Keempat, Berjihad melawan Kafir. Orang-orang kafir baik dari ahli kitab maupun musyrikin tidak akan ridha sampai kita mengikuti millah mereka. Orang-orang kafir telah memerangi kita baik secara fisik seperti di Irak dan Afganistan ataupun secara pemikiran, tingkah laku serta budaya. Istilah perang pemikiran sering disebut dengan ghazwul-fikri. Mereka telah menjajah dengan ilmu yang mereka miliki untuk menguasai negeri-negri muslim secara politik dan ekonomi. Di indonesia, contohnya banyak aset negara yang menjadi cengkraman asing. Berjihad kepada kaum kuffar Dzimmi seperti itu harus kita lawan dengan ilmu pengetahuan juga, bukan dengan teror BOM sebagaimana falsafah teroris. Nasionalisme kita betul-betul dibuktikan dengan merdeka dan mandiri dari ketergantungan terhadap asing yang tidak menguntungkan. Berjihad melawan kafir ada empat tingkatan yaitu dengan hati, lisan harta dan jiwa. Berjihad dalam arti Berperang tidak dilakukan kepada kafir dzimmi tetapi dilakukan kepada kafir yang menyerang secara fisik yang disebut dengan kafir harbi. Itu juga atas perintah amirul-mukminin dalam suatu wilayah dan kondisi yang diharuskan perang.
Itulah diantara renungan yang harus kita ambil hikmah dari perjuangan kemerdekaan ini. Tentunya, rasa syukur kita panjatkan atas nikmat kemerdekaan sebagai buah jihad dari para pahlawan. Rasa syukur itu kita manfaatkan dengan meneruskan perjuangan jihad kepada kesejateraan dan kemakmuran bangsa. Disamping perayaan dengan kegiatan-kegiatan kreatifitas dan perlombaan hendaknya tidak diwarnai dengan kemaksiatan dan perjudian. Perayaan kemerdekaan ke 64 ini, setelah sekian lama penulis pertama kalinya melaksanakan upacara di Lapangan Bola dekat rumah dengan melihat berbagai pertunjukan.
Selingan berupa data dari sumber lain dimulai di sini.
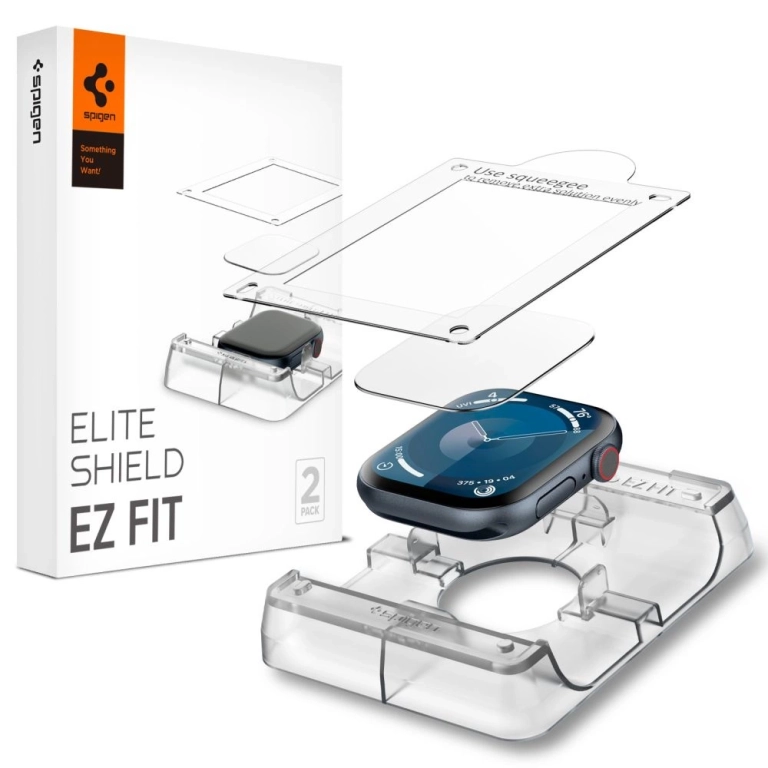 Spigen Ez Fit Screen Protector για το Apple Watch 46mm 2τμχ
Ada yang diisi dengan singa depok, peralatan perang maupun simulasi teroris yang sedang hangat-hangatnya menjadi isu permasalahan Indonesia saat ini. Kegiatan perayaan nasional Indonesia tahun ini diisi dengan pemecahan rekor dunia yaitu Sail Bunaken. Acara ini melibatkan 2818 penyelam dari berbagai element yaitu TNI dan masyarakat nasional dan internasional dengan tujuan memperkenalkan Laut Bunaken yang terkenal keindahan bawah lautnya. Harapan penulis, bangsa yang besar ini perlu mujahid-mujahid kreatif dalam menyumbangkan peradaban Indonesia menuju masyarakat madani. Wallahu a’lam.